Reproduce the lines below exactly, from the one containing "Surplice Lantern Sleeve Jumpsuit" through the one containing "Resim Beyaz 2", both included. Leave out any pictures.

Data to use section start

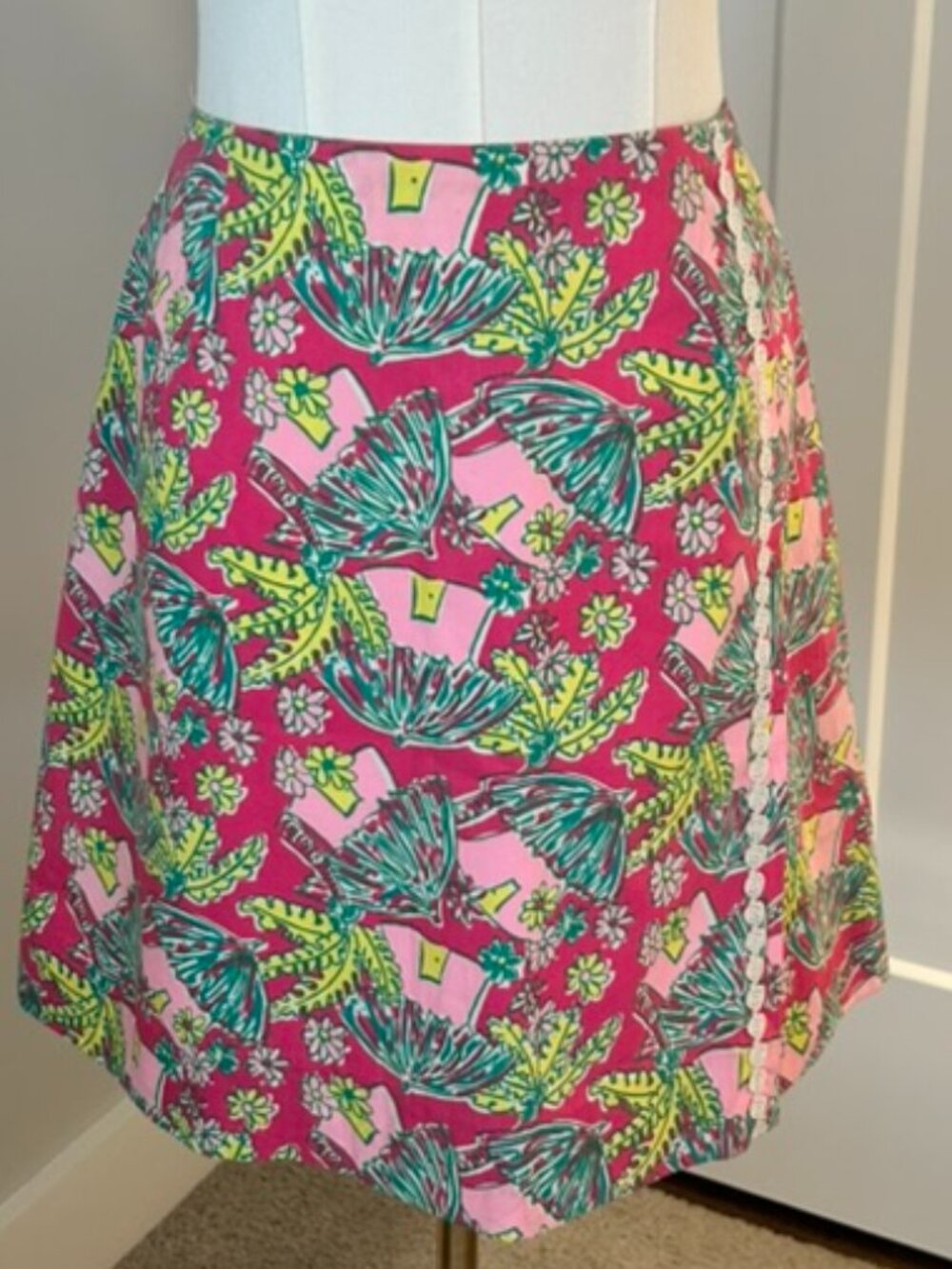 Vintage Lilly Pullitzer Tiki Hut Mini Skirt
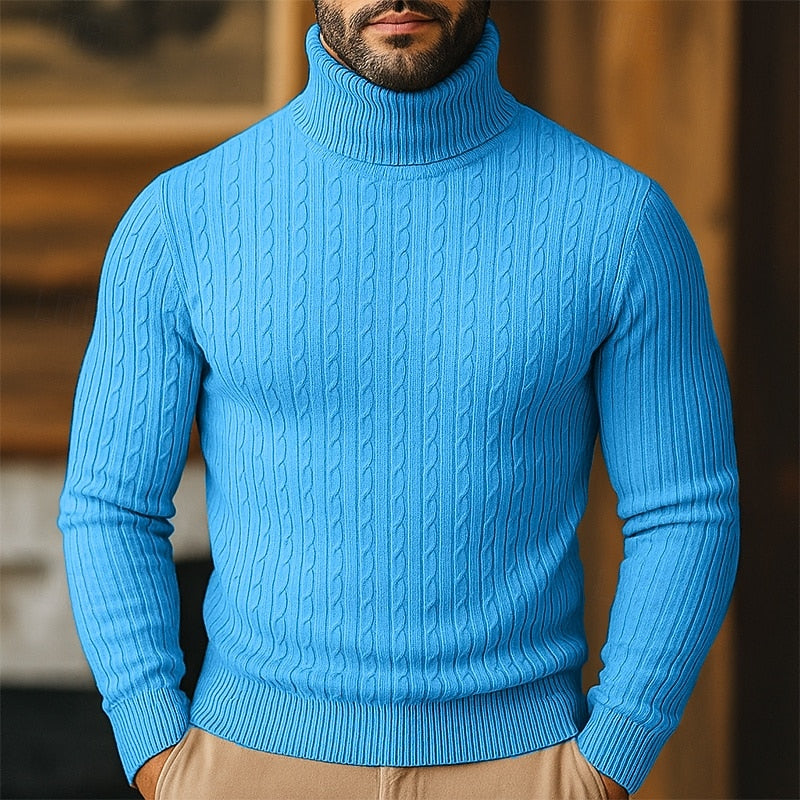 Helvano | Rollkragenpullover mit Zopfmuster für Herren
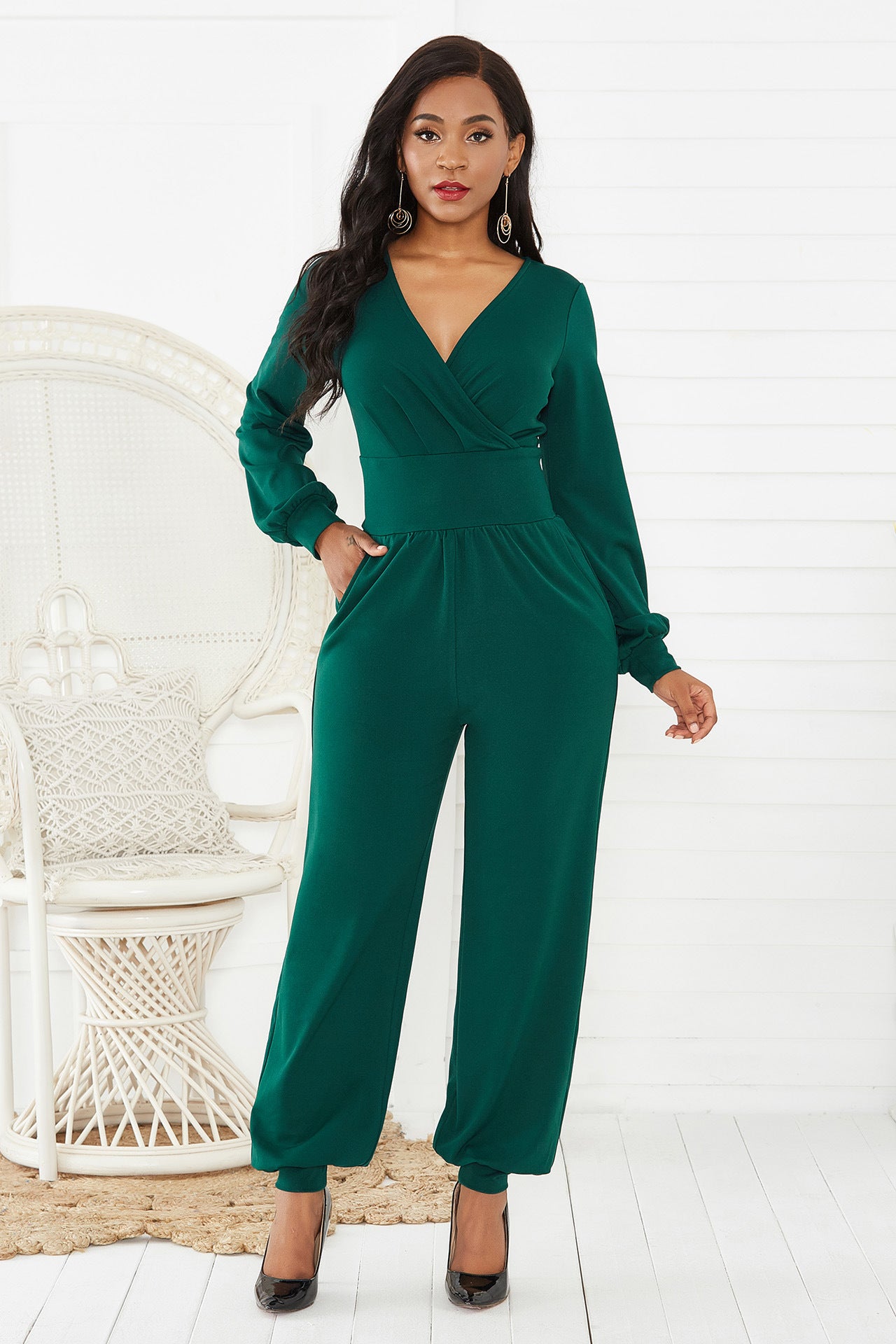 Surplice Lantern Sleeve Jumpsuit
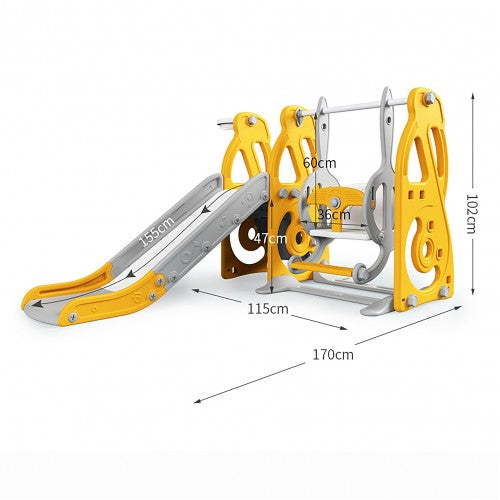 Lucky Baby Smart System Safety 3 in 1 Toddler Slide/Swing Playground - Grey (Indoor/Outdoor)-7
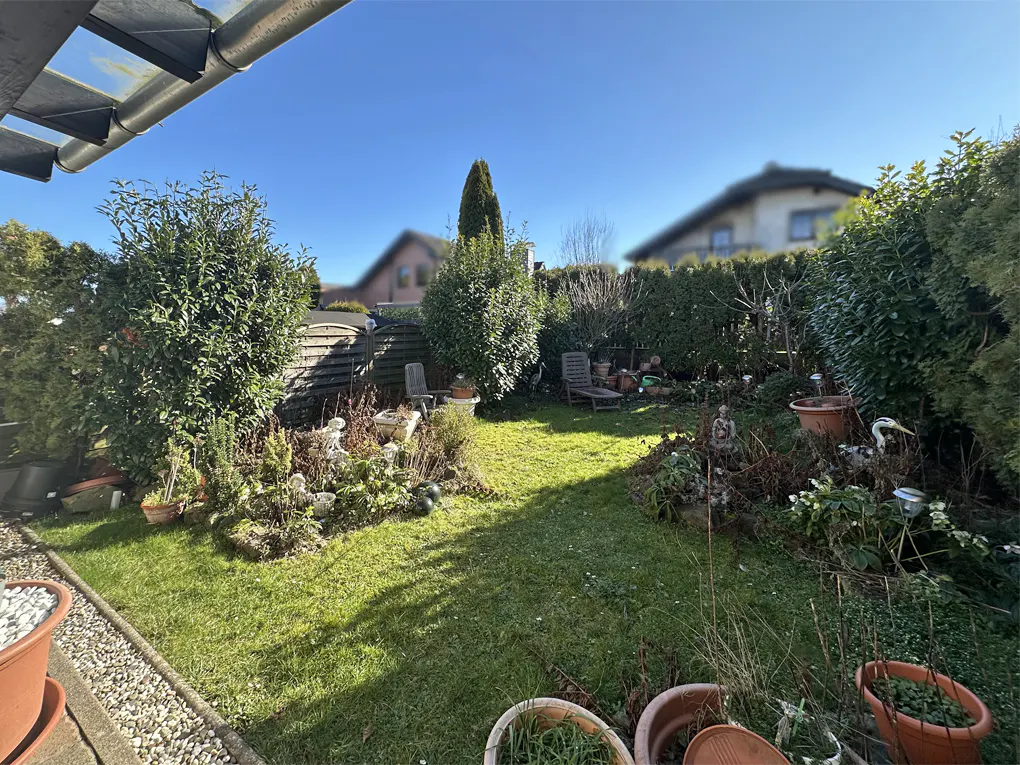 A sunny backyard with green grass, trees, and potted plants. Two chairs and a lounge chair are visible in the background.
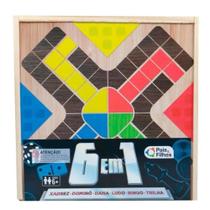 Jogo de Tabuleiro 6 X 1 Xadrez Domino Dama Ludo Bingo Trilha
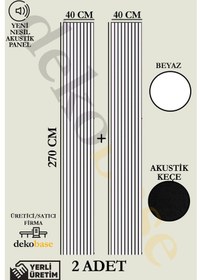 Resim Beyaz 2 Adet 40x270 Cm Yeni Nesil Akustik Ahşap Duvar Paneli 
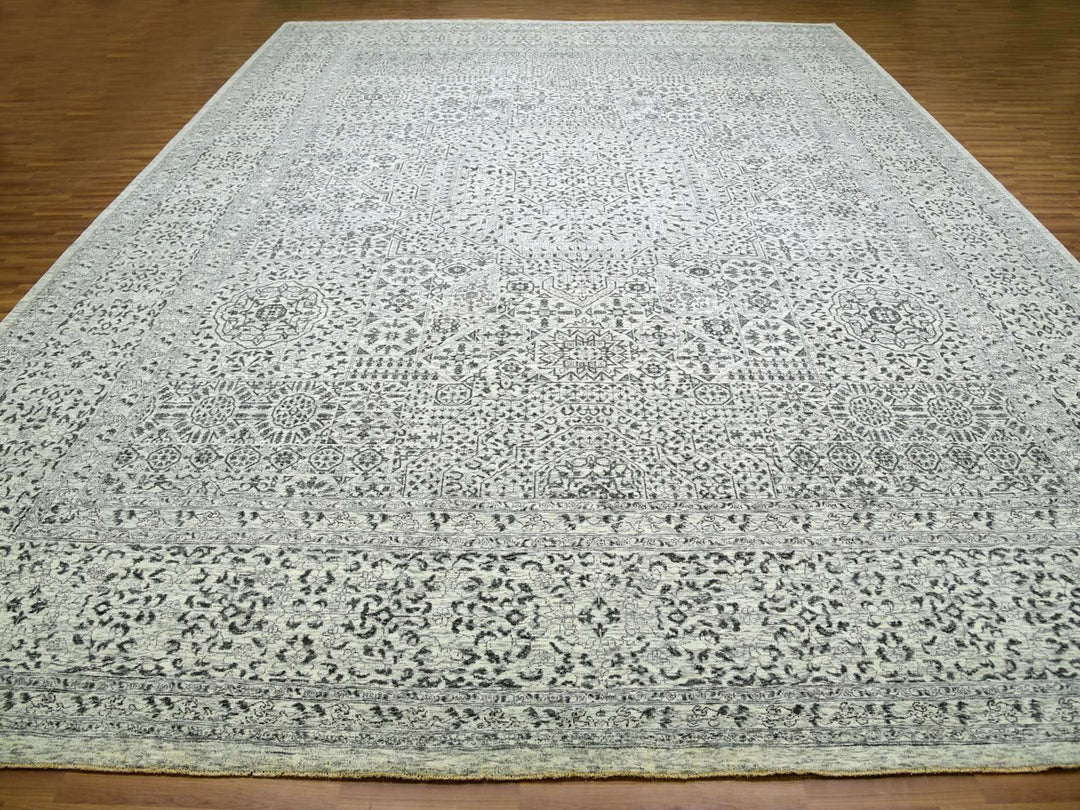 14'1" x 17'9" New Hand Knotted Ivory Wool Rectangle Oriental Rug - MOA10279982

Data to use section end

Reply:
 Surplice Lantern Sleeve Jumpsuit
 Lucky Baby Smart System Safety 3 in 1 Toddler Slide/Swing Playground - Grey (Indoor/Outdoor)-7
 A sunny backyard with green grass, trees, and potted plants. Two chairs and a lounge chair are visible in the background.
 Jogo de Tabuleiro 6 X 1 Xadrez Domino Dama Ludo Bingo Trilha
 Resim Beyaz 2 Adet 40x270 Cm Yeni Nesil Akustik Ahşap Duvar Paneli 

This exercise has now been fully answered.